Start of Block

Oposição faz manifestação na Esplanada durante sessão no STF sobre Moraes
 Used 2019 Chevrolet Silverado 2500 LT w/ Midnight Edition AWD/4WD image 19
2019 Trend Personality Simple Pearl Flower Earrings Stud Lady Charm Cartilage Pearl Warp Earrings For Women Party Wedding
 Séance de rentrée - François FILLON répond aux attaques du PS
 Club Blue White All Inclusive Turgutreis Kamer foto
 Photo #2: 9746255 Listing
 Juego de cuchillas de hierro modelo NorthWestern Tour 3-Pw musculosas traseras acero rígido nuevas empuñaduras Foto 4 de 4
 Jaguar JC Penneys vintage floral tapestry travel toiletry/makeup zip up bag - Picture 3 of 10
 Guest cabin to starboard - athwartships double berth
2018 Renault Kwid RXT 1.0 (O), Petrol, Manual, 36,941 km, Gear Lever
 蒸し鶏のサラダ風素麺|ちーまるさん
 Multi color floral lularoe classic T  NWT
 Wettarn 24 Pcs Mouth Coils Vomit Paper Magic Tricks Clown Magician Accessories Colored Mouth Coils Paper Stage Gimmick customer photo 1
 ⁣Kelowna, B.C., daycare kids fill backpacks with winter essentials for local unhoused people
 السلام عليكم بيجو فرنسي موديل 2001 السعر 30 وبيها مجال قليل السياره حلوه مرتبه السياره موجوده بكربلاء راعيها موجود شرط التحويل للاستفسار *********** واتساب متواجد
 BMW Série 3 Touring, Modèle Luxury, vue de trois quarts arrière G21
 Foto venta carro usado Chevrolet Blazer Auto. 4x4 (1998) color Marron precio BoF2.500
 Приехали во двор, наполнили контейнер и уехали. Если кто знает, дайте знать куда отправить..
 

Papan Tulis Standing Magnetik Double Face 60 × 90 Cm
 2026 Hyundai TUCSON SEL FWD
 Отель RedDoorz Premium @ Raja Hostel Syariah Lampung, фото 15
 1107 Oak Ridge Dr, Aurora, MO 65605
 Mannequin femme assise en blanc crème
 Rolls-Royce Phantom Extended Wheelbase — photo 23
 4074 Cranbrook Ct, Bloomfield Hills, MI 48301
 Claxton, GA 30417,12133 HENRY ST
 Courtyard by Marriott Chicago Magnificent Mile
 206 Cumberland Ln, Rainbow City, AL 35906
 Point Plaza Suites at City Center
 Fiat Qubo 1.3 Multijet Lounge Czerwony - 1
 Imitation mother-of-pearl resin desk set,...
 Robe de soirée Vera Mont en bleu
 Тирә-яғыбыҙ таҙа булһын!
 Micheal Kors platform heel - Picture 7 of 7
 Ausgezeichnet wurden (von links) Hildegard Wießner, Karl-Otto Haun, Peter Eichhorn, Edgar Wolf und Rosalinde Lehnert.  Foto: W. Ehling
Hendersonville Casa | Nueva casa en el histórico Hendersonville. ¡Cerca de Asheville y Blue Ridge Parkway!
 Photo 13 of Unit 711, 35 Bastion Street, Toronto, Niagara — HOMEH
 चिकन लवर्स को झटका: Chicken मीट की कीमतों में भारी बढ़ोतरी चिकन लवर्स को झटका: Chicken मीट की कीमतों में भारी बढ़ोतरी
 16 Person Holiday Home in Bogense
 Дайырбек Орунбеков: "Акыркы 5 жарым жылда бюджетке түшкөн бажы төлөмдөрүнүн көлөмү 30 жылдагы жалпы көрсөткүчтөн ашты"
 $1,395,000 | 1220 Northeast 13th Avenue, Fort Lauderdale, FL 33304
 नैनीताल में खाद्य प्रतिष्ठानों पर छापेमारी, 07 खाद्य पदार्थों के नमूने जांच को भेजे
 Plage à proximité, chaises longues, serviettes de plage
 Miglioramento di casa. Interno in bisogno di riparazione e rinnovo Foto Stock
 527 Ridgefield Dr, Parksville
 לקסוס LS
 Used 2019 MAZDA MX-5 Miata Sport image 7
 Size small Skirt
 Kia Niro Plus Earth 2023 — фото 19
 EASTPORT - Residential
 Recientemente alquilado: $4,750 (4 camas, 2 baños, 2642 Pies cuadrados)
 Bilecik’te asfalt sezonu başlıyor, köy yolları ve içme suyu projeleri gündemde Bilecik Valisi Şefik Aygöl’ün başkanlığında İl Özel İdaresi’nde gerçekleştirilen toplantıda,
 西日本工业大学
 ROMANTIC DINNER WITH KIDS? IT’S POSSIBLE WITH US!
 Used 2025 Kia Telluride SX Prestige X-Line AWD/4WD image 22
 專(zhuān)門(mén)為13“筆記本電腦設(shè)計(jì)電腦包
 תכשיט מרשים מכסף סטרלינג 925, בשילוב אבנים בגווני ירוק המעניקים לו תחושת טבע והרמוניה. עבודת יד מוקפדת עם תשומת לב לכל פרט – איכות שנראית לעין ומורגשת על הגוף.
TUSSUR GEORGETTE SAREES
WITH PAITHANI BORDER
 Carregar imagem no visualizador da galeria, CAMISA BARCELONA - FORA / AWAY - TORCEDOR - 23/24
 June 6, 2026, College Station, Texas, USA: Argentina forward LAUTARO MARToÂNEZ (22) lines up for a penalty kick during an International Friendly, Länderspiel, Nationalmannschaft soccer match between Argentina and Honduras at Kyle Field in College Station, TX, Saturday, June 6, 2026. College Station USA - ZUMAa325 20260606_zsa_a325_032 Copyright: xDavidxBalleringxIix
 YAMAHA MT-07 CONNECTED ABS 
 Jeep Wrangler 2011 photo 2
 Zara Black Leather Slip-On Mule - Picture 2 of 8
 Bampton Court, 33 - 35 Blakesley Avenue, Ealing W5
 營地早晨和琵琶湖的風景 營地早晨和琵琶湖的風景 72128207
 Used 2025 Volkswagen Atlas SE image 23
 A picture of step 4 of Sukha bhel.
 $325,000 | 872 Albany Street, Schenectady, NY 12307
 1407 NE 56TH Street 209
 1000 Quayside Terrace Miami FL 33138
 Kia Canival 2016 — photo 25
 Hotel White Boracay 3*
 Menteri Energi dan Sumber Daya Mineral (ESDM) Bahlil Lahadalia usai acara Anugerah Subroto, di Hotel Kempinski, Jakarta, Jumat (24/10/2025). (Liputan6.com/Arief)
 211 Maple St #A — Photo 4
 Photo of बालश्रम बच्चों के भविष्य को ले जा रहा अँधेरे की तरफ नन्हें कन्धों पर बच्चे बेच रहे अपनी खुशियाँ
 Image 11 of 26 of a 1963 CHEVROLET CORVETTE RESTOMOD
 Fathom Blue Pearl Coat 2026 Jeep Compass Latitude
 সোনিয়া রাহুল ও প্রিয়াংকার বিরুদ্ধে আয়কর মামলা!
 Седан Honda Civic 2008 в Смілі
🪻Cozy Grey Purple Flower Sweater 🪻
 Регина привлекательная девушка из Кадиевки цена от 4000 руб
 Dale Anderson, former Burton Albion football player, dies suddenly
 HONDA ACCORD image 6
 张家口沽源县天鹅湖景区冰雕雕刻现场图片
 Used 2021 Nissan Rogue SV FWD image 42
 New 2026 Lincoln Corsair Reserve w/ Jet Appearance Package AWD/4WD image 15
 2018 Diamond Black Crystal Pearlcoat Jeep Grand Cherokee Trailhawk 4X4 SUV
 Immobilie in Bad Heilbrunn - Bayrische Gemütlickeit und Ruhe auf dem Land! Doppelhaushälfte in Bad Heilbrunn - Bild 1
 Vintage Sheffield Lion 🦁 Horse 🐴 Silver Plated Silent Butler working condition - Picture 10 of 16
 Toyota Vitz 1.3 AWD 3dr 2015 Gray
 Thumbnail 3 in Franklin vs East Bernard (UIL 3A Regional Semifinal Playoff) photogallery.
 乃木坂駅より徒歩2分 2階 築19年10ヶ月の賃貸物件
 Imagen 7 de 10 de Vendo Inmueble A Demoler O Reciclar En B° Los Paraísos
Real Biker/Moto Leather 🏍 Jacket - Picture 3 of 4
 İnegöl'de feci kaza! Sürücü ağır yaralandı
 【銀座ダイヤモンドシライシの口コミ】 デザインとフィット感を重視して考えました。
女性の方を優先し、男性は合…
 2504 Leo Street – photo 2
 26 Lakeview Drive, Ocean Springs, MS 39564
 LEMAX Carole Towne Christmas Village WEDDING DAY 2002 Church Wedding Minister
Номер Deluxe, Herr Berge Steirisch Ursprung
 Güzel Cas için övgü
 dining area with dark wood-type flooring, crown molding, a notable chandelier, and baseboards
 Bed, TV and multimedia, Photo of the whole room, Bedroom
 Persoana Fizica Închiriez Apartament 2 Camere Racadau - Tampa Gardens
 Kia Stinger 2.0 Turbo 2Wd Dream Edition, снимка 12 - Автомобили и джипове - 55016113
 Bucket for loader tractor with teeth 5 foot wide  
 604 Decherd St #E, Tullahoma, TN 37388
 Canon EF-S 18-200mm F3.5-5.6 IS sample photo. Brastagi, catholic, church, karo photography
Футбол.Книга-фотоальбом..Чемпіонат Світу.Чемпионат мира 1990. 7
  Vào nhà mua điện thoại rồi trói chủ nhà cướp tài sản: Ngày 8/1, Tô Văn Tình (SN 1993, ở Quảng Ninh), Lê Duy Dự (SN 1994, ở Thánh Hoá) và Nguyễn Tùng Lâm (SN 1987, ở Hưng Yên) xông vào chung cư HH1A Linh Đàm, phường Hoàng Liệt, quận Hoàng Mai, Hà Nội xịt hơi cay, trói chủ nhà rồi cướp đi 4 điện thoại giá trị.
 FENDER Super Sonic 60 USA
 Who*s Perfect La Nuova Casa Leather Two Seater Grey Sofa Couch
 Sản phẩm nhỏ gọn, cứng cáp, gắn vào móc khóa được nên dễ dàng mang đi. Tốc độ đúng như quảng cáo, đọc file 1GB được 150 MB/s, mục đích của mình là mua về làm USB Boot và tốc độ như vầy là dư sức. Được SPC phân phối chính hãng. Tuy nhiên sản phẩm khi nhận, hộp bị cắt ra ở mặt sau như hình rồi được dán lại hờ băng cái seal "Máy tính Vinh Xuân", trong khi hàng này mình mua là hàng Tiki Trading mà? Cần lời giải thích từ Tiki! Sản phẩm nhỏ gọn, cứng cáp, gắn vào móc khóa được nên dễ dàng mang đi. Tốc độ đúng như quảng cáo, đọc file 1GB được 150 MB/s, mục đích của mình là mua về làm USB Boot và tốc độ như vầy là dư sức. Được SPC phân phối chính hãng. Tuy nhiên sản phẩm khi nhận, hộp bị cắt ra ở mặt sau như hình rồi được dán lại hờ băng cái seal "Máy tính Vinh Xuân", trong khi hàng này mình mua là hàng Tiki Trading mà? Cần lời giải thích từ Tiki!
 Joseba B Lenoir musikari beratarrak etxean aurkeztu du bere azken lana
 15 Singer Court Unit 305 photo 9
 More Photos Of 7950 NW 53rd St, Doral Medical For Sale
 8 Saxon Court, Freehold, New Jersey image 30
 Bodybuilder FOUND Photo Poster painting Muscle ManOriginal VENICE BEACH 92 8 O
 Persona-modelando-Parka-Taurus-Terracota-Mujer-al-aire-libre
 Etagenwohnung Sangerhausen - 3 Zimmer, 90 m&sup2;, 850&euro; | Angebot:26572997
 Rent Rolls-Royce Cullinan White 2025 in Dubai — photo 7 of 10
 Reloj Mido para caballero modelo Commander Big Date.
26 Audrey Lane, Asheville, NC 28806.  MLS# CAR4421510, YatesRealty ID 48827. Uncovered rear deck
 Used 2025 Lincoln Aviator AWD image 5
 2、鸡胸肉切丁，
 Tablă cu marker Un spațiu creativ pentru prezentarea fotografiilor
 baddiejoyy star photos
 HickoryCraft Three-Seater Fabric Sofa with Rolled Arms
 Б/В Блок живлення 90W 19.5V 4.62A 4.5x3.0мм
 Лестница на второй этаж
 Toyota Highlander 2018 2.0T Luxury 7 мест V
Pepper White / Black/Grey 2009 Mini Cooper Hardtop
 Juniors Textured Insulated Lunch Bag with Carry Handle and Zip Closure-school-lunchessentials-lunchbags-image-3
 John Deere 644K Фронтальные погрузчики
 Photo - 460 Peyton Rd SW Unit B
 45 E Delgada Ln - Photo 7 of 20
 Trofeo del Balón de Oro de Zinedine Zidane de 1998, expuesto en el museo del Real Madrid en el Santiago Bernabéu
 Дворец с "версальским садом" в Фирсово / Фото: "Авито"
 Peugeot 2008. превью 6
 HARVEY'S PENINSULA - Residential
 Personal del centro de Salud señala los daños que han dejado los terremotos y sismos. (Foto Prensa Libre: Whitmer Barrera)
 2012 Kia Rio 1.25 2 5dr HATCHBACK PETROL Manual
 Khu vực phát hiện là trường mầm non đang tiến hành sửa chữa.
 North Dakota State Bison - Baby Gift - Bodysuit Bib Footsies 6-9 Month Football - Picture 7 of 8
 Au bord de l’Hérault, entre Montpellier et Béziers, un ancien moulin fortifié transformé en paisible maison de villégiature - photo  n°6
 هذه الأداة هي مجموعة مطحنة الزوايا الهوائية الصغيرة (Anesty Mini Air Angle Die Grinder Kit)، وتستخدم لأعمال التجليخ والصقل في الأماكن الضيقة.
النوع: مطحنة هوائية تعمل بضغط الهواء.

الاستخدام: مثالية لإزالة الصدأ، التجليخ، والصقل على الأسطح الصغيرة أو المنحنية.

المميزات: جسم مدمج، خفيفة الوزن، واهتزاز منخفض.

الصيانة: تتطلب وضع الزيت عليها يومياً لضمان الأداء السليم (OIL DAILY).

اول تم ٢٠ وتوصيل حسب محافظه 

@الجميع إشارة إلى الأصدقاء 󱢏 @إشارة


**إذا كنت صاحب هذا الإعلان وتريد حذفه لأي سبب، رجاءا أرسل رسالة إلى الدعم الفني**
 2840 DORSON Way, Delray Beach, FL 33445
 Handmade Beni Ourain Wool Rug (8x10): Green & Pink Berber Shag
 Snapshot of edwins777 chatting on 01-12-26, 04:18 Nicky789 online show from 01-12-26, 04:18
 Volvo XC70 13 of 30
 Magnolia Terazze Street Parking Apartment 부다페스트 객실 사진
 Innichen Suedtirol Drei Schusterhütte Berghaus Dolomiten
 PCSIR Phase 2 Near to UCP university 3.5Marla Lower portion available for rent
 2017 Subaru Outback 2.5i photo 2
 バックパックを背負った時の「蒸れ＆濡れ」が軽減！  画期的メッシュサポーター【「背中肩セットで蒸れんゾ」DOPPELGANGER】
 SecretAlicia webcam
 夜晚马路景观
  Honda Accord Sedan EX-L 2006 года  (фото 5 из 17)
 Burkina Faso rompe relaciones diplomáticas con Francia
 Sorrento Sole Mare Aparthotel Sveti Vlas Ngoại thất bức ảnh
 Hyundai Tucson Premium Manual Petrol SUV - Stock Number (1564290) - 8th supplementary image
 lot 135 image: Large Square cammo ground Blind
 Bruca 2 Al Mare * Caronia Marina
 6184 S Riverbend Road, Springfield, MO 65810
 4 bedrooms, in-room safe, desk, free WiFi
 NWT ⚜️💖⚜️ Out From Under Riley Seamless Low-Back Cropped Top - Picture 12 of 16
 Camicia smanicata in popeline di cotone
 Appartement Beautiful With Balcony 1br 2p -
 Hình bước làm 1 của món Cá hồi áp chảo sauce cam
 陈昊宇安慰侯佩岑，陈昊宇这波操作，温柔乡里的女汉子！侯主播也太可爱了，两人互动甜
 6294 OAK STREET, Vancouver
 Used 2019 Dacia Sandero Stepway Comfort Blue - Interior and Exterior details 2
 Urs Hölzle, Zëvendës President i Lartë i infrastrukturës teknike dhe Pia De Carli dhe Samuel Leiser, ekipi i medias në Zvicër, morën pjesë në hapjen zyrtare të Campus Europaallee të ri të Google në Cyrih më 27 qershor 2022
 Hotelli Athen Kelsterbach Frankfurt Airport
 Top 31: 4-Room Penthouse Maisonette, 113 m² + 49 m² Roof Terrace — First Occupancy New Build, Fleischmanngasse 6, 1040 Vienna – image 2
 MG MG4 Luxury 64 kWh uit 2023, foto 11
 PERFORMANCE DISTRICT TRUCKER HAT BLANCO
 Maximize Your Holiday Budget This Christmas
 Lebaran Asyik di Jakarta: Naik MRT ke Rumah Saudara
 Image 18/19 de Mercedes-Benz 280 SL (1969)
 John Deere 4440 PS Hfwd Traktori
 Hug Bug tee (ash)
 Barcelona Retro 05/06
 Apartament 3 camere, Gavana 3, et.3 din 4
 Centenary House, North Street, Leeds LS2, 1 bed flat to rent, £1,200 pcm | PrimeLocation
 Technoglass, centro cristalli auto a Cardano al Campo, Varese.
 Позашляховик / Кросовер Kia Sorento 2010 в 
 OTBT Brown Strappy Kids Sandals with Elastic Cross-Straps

End of Block

**Problem details**
Working from the material above, restate word for word the lines between the line with "蒸し鶏のサラダ風素麺|ちーまるさん" and the line with "BMW Série 3", both included, and only those.

**Answer space**
 蒸し鶏のサラダ風素麺|ちーまるさん
 Multi color floral lularoe classic T  NWT
 Wettarn 24 Pcs Mouth Coils Vomit Paper Magic Tricks Clown Magician Accessories Colored Mouth Coils Paper Stage Gimmick customer photo 1
 ⁣Kelowna, B.C., daycare kids fill backpacks with winter essentials for local unhoused people
 السلام عليكم بيجو فرنسي موديل 2001 السعر 30 وبيها مجال قليل السياره حلوه مرتبه السياره موجوده بكربلاء راعيها موجود شرط التحويل للاستفسار *********** واتساب متواجد
 BMW Série 3 Touring, Modèle Luxury, vue de trois quarts arrière G21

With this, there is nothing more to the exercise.